Submitted to: American Society of Agronomy Monograph Series
Publication Type: Popular Publication
Publication Acceptance Date: 3/1/2004
Publication Date: 8/8/2005
Citation: Rochette, P., Huchinson, G.L. 2005. Measurement of soil respiration in situ: chamber techniques. American Society of Agronomy Monograph Series No. 47. IN Micrometeorology in Agricultural Systems. pp. 247-286.
Interpretive Summary: Chambers are not exempt from methodological problems. In this book chapter, we review known sources of chamber-induced errors in estimates. Despite the multiplicity and diversity of potential errors, however, we believe their overall impact on chamber-based estimates will be minimal if the information we summarize is used to select the chamber design best suited to the research objective and to establish the optimum protocol to be followed before, during, and after the measurement period.

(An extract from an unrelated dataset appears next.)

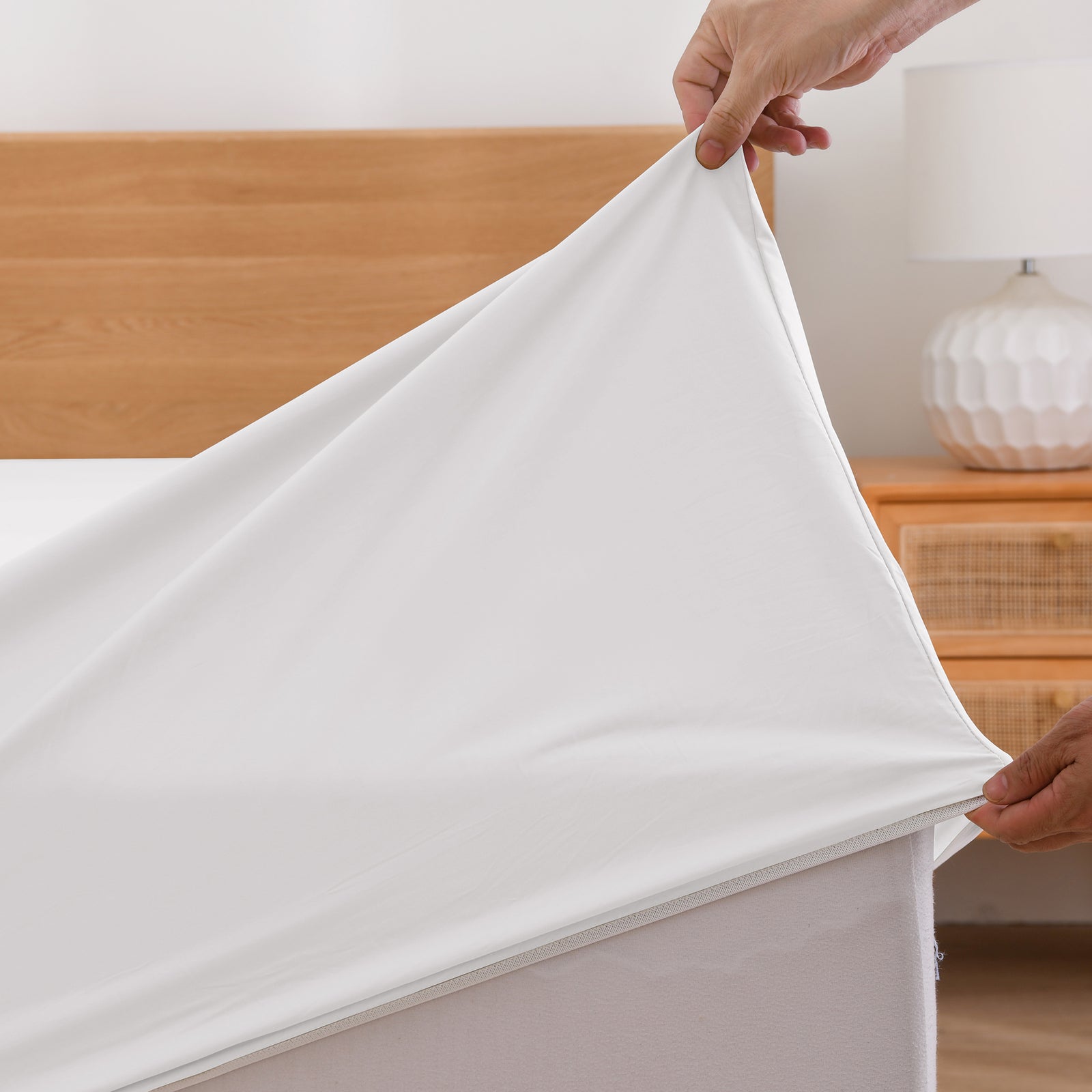 Heston 300 Thread Count Fitted Sheet Combo White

Technical Abstract: Chamber methods depend exclusively on headspace gas concentration measurements or determining the unused capacity of a known chemical trap, they provide only an indirect measure of the CO2 flux across the soil surface, which is in turn equal to the soil respiration rate only under steady-state conditions. Thus, the challenge when using chamber techniques is to minimize preturbations by the chamber of not only the underlying rates of root and microbial respiration, but also the transport and emission phenomena that determine what fraction of total CO2 production reaches the headspace of the chamber during its period of deployment. The princiapal factors influencing chamber performance include soil and air temperature, CO2 concentration gradients, pressure fluctuations, soil and air moisture, site disturbance, leakage, and air mixing regime.